- [TASK]: For each line below that contains the string "blue", copy that line.

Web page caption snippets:
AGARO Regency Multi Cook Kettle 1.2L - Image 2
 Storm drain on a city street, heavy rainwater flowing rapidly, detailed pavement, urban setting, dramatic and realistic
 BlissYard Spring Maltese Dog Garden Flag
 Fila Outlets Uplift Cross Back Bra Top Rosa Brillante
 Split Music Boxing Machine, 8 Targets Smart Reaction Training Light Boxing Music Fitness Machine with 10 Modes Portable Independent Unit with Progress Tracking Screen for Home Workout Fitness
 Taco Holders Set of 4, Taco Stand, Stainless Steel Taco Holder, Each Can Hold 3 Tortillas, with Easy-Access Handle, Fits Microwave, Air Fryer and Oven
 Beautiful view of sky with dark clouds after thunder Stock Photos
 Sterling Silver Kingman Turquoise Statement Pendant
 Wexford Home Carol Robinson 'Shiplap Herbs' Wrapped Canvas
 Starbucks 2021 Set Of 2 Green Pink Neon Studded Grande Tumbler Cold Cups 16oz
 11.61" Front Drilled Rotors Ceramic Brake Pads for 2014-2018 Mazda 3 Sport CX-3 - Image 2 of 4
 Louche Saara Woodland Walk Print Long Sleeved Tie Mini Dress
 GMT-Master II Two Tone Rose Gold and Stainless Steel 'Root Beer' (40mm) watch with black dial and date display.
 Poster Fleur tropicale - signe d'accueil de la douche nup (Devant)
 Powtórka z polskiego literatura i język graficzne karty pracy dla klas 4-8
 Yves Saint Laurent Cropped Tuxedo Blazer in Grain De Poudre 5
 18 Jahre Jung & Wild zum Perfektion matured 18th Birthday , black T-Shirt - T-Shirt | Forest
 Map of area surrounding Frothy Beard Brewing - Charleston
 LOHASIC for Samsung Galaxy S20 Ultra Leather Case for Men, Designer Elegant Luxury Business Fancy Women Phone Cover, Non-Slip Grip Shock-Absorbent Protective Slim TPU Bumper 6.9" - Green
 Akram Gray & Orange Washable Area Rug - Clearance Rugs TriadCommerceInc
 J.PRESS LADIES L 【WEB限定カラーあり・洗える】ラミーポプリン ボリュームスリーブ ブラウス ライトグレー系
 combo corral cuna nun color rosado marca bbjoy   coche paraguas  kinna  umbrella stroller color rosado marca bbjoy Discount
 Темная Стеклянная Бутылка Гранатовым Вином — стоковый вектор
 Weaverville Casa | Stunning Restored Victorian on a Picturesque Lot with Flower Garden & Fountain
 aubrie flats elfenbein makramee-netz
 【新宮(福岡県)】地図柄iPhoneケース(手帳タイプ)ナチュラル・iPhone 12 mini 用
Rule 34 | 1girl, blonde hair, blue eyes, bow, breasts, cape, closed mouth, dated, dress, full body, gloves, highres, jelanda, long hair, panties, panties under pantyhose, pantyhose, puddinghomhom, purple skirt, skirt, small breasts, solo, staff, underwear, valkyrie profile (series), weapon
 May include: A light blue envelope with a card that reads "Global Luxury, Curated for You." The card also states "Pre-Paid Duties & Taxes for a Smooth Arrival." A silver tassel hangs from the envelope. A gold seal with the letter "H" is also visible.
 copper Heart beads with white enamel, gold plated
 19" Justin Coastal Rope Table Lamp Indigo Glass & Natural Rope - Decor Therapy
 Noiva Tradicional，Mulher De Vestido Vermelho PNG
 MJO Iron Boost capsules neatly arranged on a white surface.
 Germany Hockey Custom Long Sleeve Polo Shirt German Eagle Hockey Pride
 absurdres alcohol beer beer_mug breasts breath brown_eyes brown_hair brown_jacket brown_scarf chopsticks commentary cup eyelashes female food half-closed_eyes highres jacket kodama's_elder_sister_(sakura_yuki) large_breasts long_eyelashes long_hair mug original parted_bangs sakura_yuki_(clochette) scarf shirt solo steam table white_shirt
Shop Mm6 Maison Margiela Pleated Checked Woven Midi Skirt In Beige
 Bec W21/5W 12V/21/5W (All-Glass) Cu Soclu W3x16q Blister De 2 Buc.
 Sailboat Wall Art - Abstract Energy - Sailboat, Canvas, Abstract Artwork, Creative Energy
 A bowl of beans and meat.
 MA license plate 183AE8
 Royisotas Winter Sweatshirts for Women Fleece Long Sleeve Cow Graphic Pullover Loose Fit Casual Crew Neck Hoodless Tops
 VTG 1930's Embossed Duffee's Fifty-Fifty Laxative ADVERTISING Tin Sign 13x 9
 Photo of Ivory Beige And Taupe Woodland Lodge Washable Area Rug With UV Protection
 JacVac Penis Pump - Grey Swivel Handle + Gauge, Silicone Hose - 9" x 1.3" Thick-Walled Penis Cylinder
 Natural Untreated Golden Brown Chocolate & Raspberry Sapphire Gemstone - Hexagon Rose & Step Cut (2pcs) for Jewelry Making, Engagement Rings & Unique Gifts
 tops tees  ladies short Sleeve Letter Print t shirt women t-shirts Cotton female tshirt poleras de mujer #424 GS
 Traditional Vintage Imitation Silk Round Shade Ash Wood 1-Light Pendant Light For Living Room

- [RESPONSE TO THIS EXERCISE]:
Rule 34 | 1girl, blonde hair, blue eyes, bow, breasts, cape, closed mouth, dated, dress, full body, gloves, highres, jelanda, long hair, panties, panties under pantyhose, pantyhose, puddinghomhom, purple skirt, skirt, small breasts, solo, staff, underwear, valkyrie profile (series), weapon
 May include: A light blue envelope with a card that reads "Global Luxury, Curated for You." The card also states "Pre-Paid Duties & Taxes for a Smooth Arrival." A silver tassel hangs from the envelope. A gold seal with the letter "H" is also visible.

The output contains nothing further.